WHAT YOU HAVE TO DO - In the data below, find the line containing "UGG(アグ)レディース モクシー チェルシー"; transcribe it and each line after it exactly, through the last, skipping pictures.

[[ SOURCE RECORDS, beginning ]]

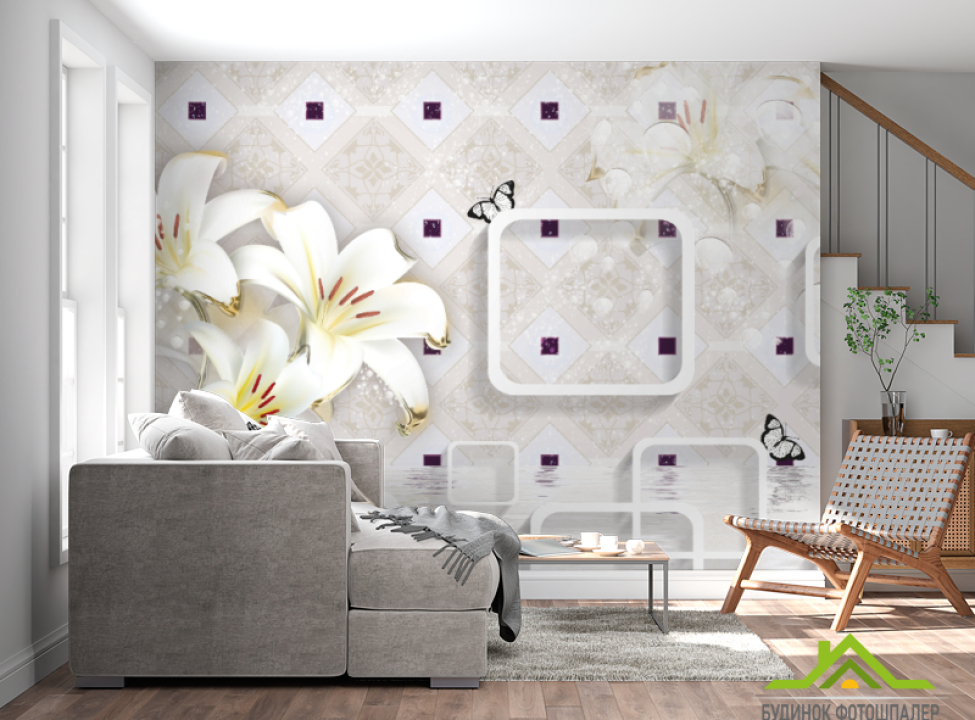 выбрать Фотошпалери 3Д Квіти Фотошпалери стереоскопічні на стіну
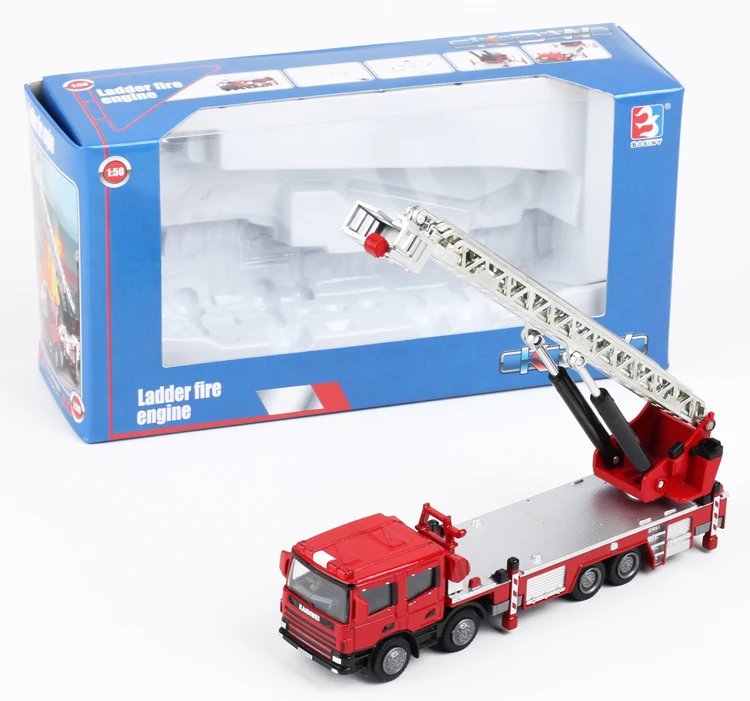 Diecast construction machinery 1:50 LADDER FIRE ENGINE Alloy Simulation model toys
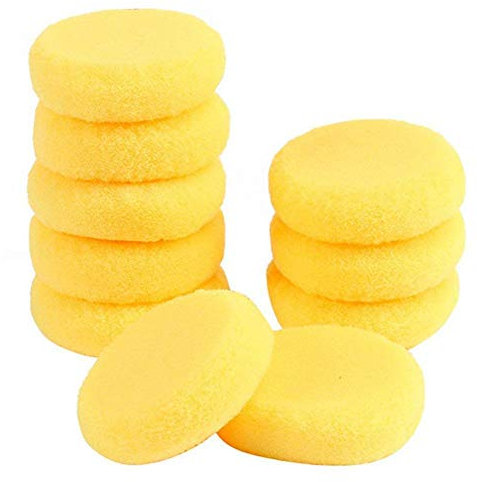 Sobeta 10Pcs Éponge De Peinture d'artiste Synthétique Ronde Éponges D'Artisanat pour Éponge d'art D'Aquarelle Poterie Peinture Jaune 2.75 Pouces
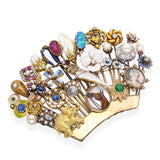 Exceptional Antique Yellow Gold Multi Gemstone Stick Pin Collection Brooch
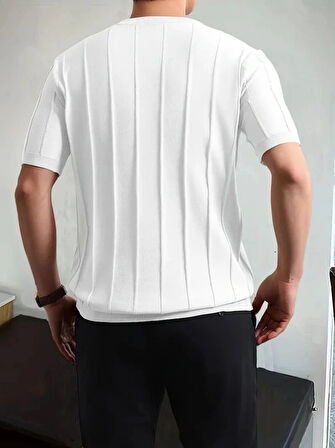 Erkek Kısa Kollu Bisiklet Yaka çizgili Triko Tshirt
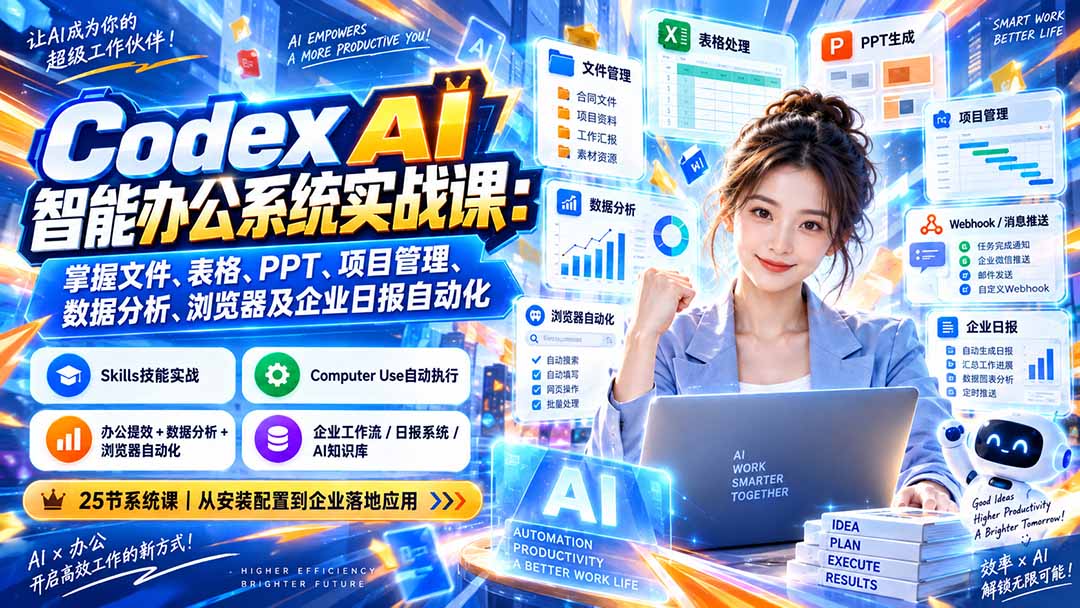 （20446期）Codex AI智能办公系统实战课：掌握文件、表格、PPT、项目管理、数据分析、浏览器及企业日报自动化-九节课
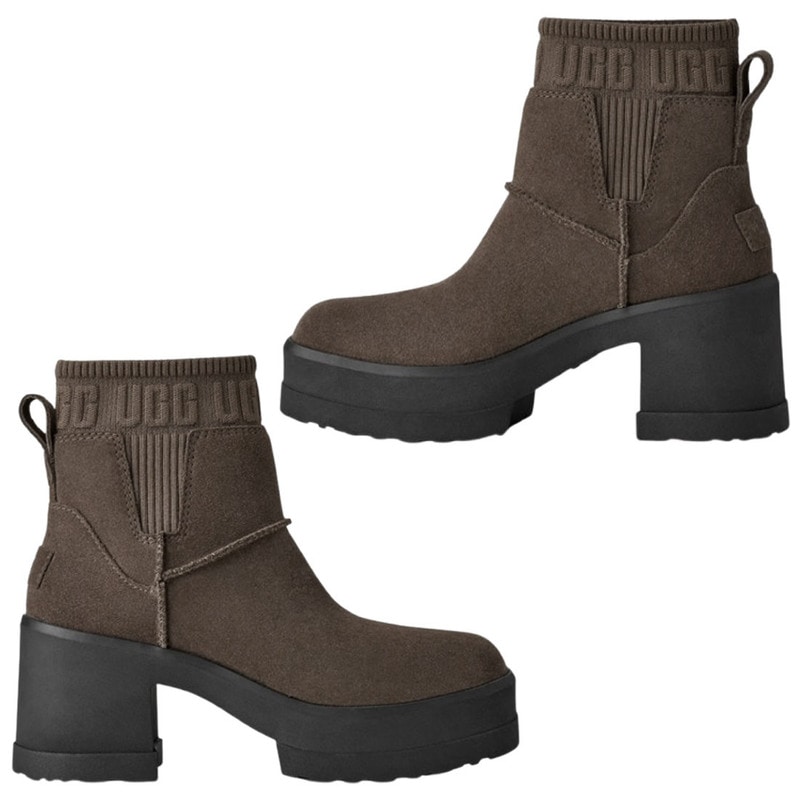 UGG(アグ)レディース モクシー チェルシー ブーツ ヒール 厚底 ロゴ 耐水 はっ水 スエード スクエアトゥ 靴 MOXY CHELSEA 1173724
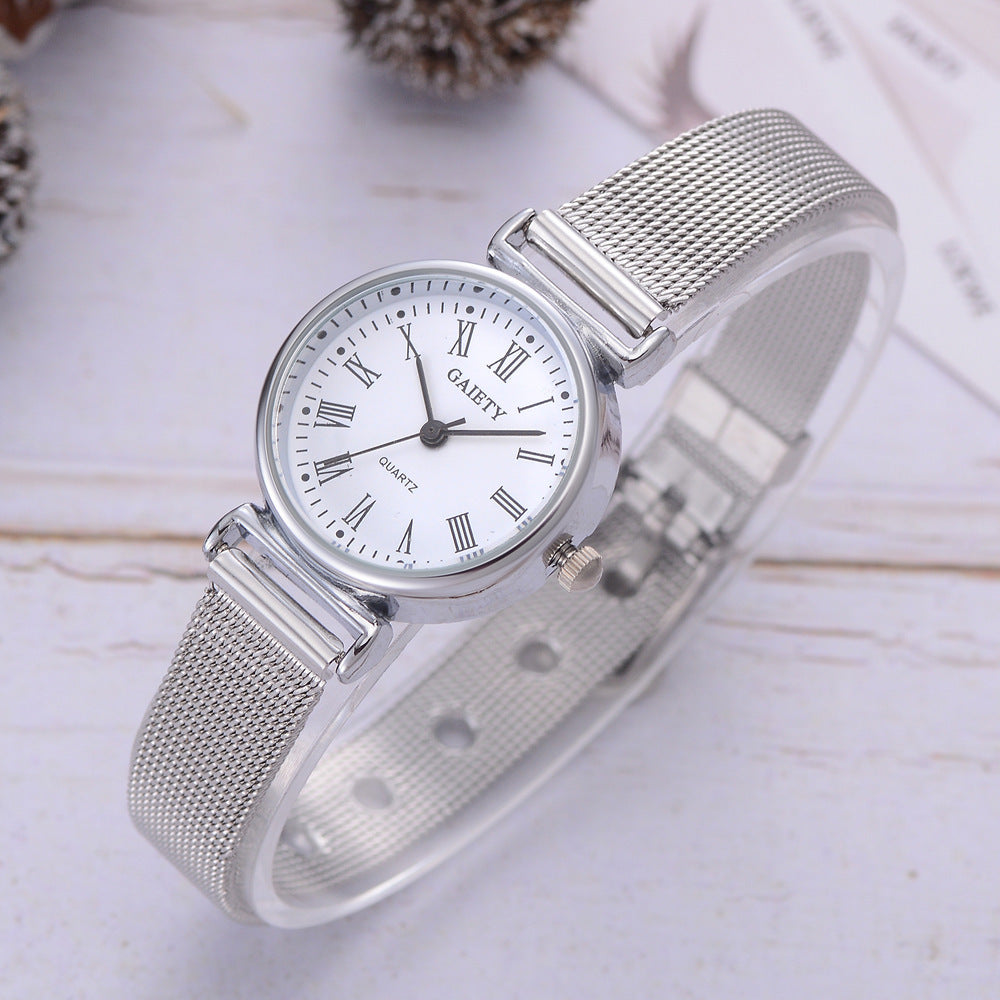 Elegant Roman Numeral Quartz Watch with Alloy Strap and Pin Buckle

[[ SOURCE RECORDS, end ]]

EXERCISE SOLUTION -
 UGG(アグ)レディース モクシー チェルシー ブーツ ヒール 厚底 ロゴ 耐水 はっ水 スエード スクエアトゥ 靴 MOXY CHELSEA 1173724
 Elegant Roman Numeral Quartz Watch with Alloy Strap and Pin Buckle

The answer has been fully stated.